А потом злобно и грозно пролаял резкий голос с малороссийским акцентом:

– Ляхай, руки в хору!

Танкист, чумазый и свирепый. Наш, точно, хотя автомат странный какой-то и не такой, что у Корзуна был.

– Пиднимайся и не дури! Ты – хто?

Назвал себя. Танкист посмотрел еще более подозрительно, буркнул:

– По-нимицьки не розумею, пиднимайся. Хенде хох!

Берестов встал, словно столетний старик, вроде и лежал – а устал, словно на разгрузке вагонов с чугунными болванками. Танкист только сейчас видно разглядел рубцы и шрамы на лице, сбавил немножко обороты, с тем же подозрением, хотя и на полтона ниже потребовал назвать себя.

Начштаба уничтоженного медсанбата не стал ничего говорить, достал из кармана гимнастерки удостоверение, протянул. Танкист, чин которого и черт не разобрал бы по шлему и синему комбезу, козырнул небрежно, словно муху у себя с носа согнал, спросил:

– Хде медсанбат?

– Вот, – обвел полянку рукой старлей.

– Хренасе бублики! – не по-уставному огорченно ответил танкист.

Тут Берестов немножко очухался и перехватил инициативу, спросив у своего невежливого спасителя, кто у них командир.

– Там, тащстрлтн! – махнул ручищей с автоматом грубиян.

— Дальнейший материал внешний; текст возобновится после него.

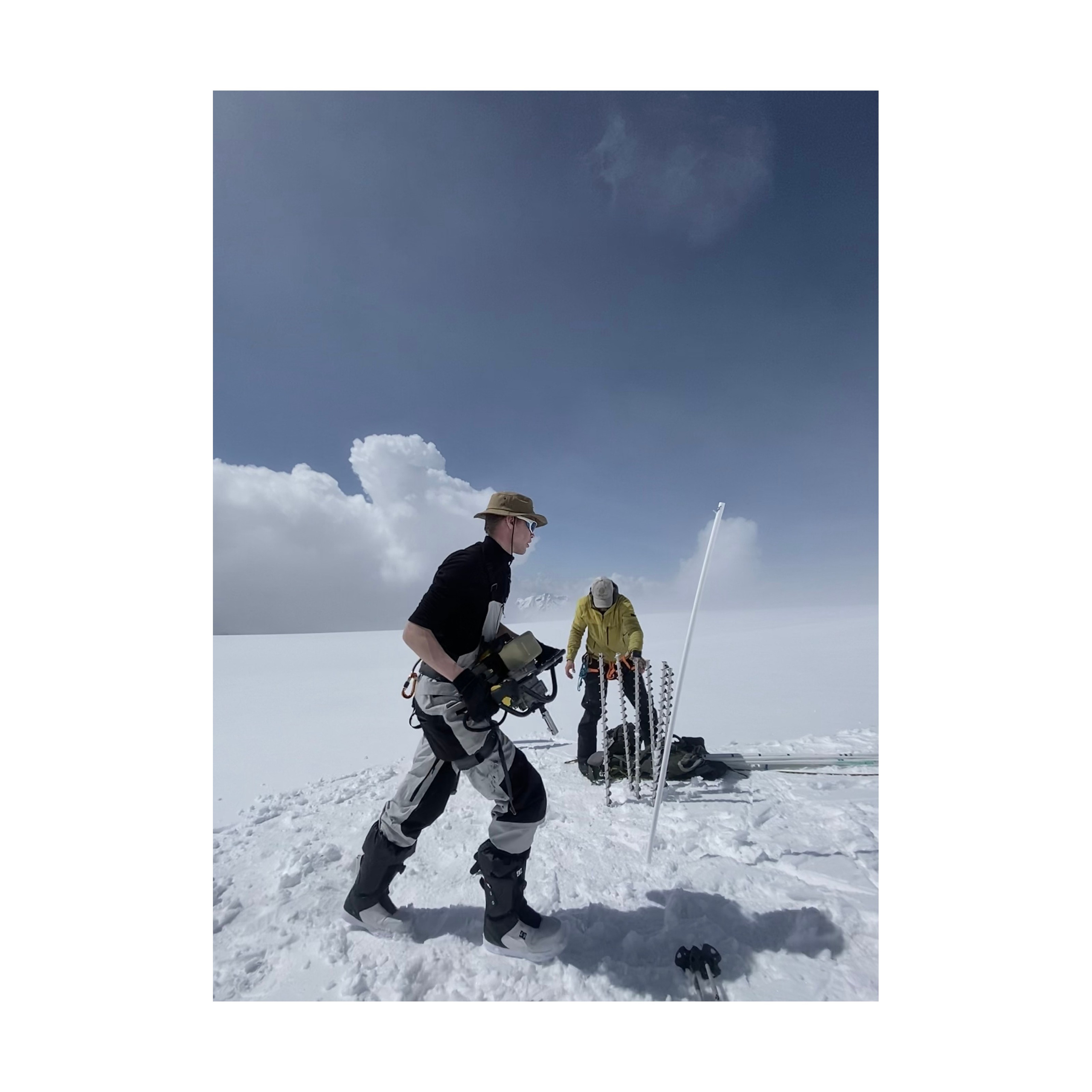 Willingness to freeze. Nelly Elagina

Видно было, что соблюдение субординации вообще и по отношению к конкретному пехотному командиру у этого парня – не главное достоинство.

Прихватив из дырявого ящика то, что было совсем необходимо, заковылял, словно столетний старец, к танку. Машинка была сильно потрепанная, запыленная так, что пыль слоем лежала, и побитая изрядно броня с пулевыми клевками казалась почти ровной. Сзади, за башней полусидели двое в рваных и горелых комбезах, белели бинтами, а больше у машины никого и не было – все стояли кучкой там, где упокоились безнадежные раненые.

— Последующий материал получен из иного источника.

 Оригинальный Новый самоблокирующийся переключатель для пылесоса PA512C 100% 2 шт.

Побрел туда, словно под конвоем. И страшно удивился, когда увидел среди синих знакомых комбезов фельдграу немецкое. Белобрысый немец стоял на земле крепко, вызывающе расставив ноги, и был совершенно спокоен, только выглядел немного удивленным. Обычный нормальный такой парень. Ничего немецкого в его физиономии не было, вполне себе деревенская морда, таких в РККА – пруд пруди. Спроси кто Берестова – а как немец должен выглядеть? Он так и не сказал бы, но абсолютно был уверен, что уж иностранца бы по лицу отличил, а тут – только форма, чужая, непривычная да странные сапоги с низкими, но широкими голенищами.

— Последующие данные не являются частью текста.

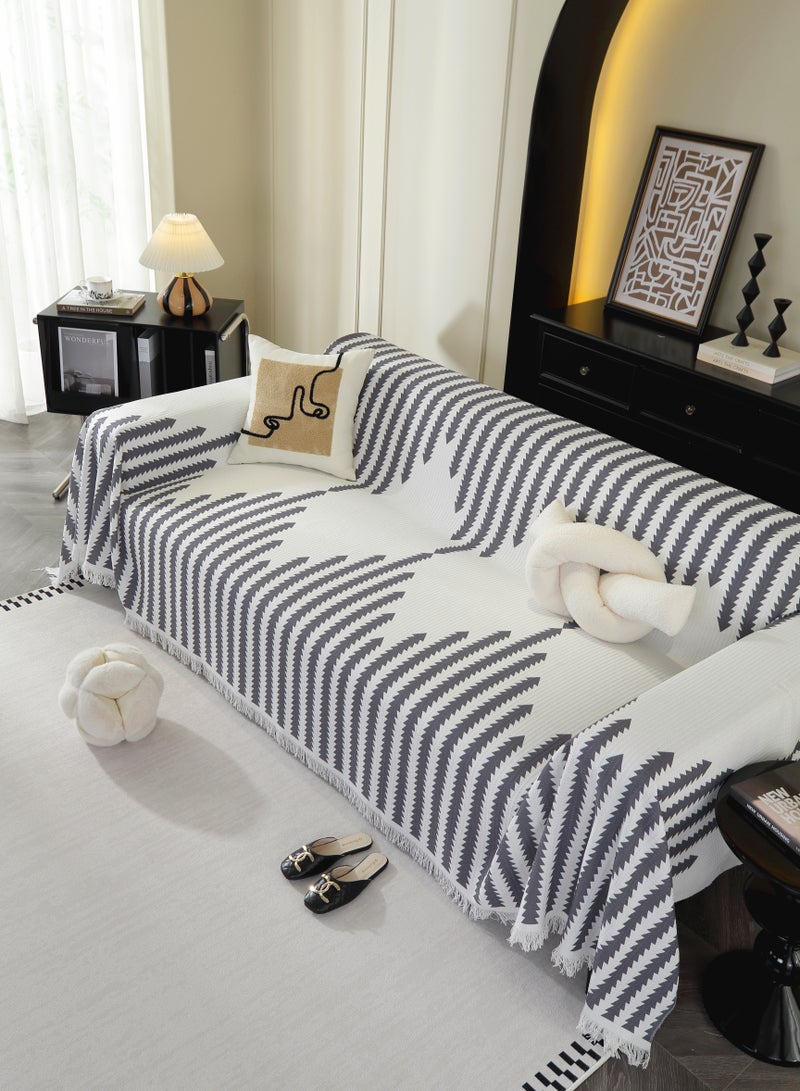 FASHION HOME Couch Cover Living Room Furniture Protector Sofa Covers Multi-Functional Throws Sheet Blanket Sofa Slipcover Washable  - Image 4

– Командир, дывись! Ось на поле найшов! Наш, мабуть с медсанбату!

– Головин! Пригляди за немцем! – распорядился один из танкистов, поглядел на начштаба. Тот был весьма убогого вида, сам это понимал, но ему было, как ни странно, наплевать. Остальные тоже уставились на Берестова, кроме того, что, видать, и был Головиным, тот так и остался затылком к старлею.

– Опоздали, значит? – утвердительно и грустно сказал один из спасителей.

– Да, надо в гогод ехать, – выговорил Берестов.

– Не получится, немцы уже в городе. А у нас снарядов нет, даже не подерешься толком. А ты – медик? – с надеждой спросил человек в танкошлеме. И остальные танкошлемы уставились, даже и Головин оглянулся, ожидая видно, что потрепанный и перепачканный человек с бумажками в руках окажется медиком и ему можно будет сгрузить обузу – раненых.

– Не. Нашштаба, – поморщился старлей.

– Ладно, придется возвращаться, может, наши еще работают, хотя там тоже та еще нахлобучка с утра. Майер, давай спроси этого красавца – кто, откуда и чего тут делали? Свежие прибыли или из вчерашней дивизии?

Неотличимый от других танкошлем бойко затарахтел по-немецки. Берестов разобрал ясно «Рот фронт» и «камарад». Пленный еще больше удивился и что-то ответил такое, что Майер заметно покраснел, хотя за грязном от пыли и копоти лице это и должно было быть не видно.